I recently experience coming alongside my daughter instead of snappy at her to practice her ukulele. When I sat down and taught her how to practice, she learned more in fifteen minutes than the two hours she wasted protesting.
Great wisdom here!
Happy Monday!
Megs
Jessica says
Thanks for sharing your perspective! I found myself nodding and agreeing as I read through your ten pieces of advice for a parent.
swapna says
Amen to that! (Esp don’t let kids cry it out and allow them to make mistakes & messes!)
#practicalmondays
Hazel Moon says
I loved your 10 guides for successful parenting.

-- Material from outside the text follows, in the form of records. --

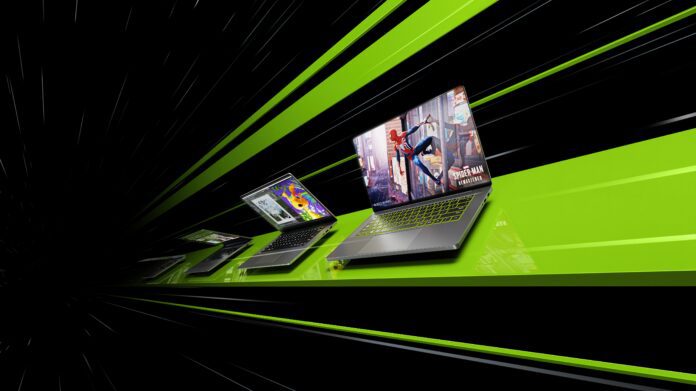 LT KV NVIDIA Ada Architecture and RTX 40 Series GPUs finally come to Laptops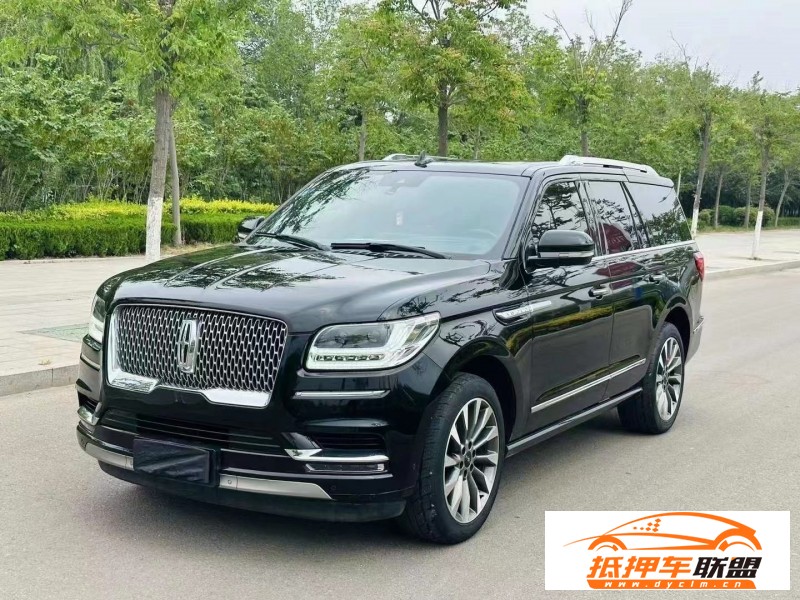  18年林肯領(lǐng)航員SUV 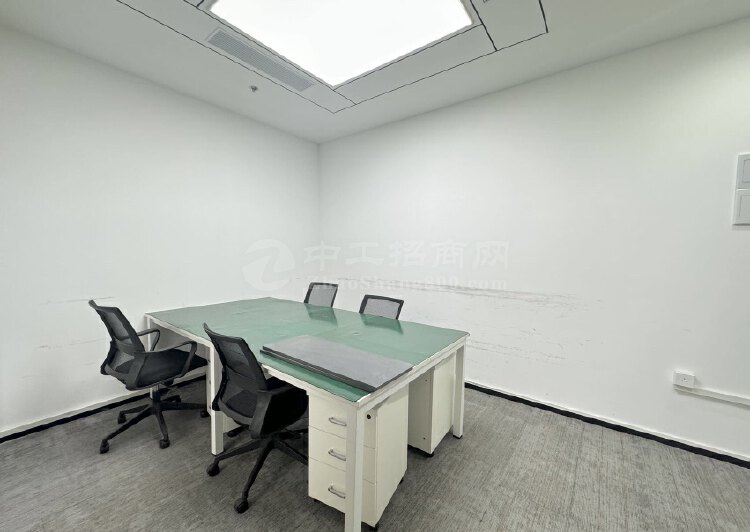 飞亚达科技大厦实用面积100精装修办公室出租8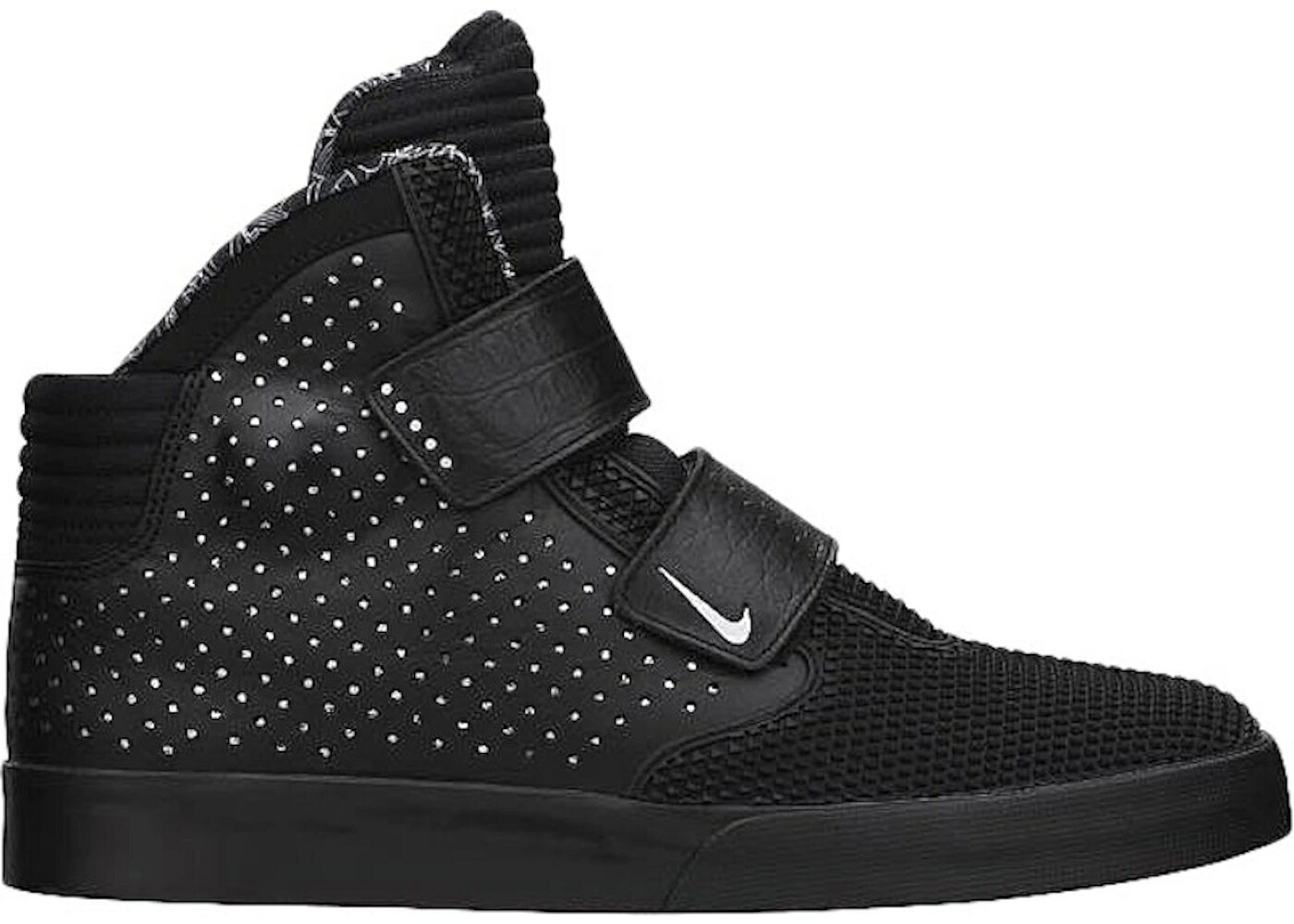 ナイキ シティ 黒いこと 黒いこと 赤 赤いこと スニーカー メンズ NIKE FLYSTEPPER 2K3 NOLA GUMBO LEAGUE CRESCENT CITY / BLACK ATOMIC RED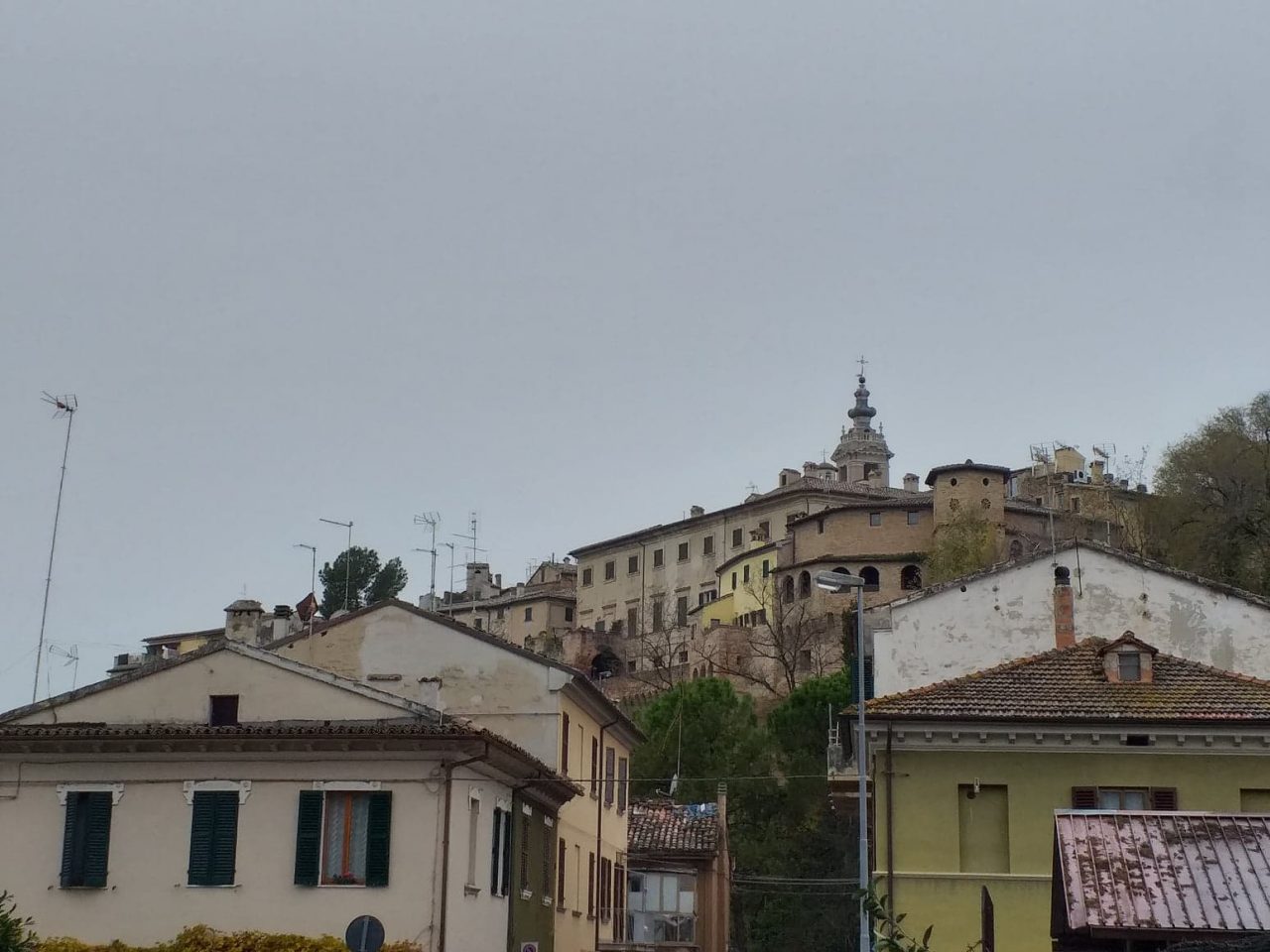 jesi panoramica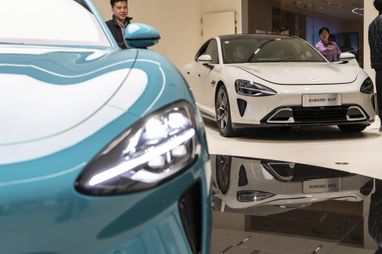 Xiaomi инвестирует $116 млн в расширение производства электрокаров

Thank you for sharing with us here at Tell me a Story.
Nichole says
Hi,
I totally agree with allowing children to makes messes and mistakes. Childhood is the time to learn from mistakes, so they can make better decisions as an adult.
Mary Hill says
I know I need to encourage more creativity. I try to have available art supplies, but I need to replenish. Thanks for sharing on the #LMMLinkup this week.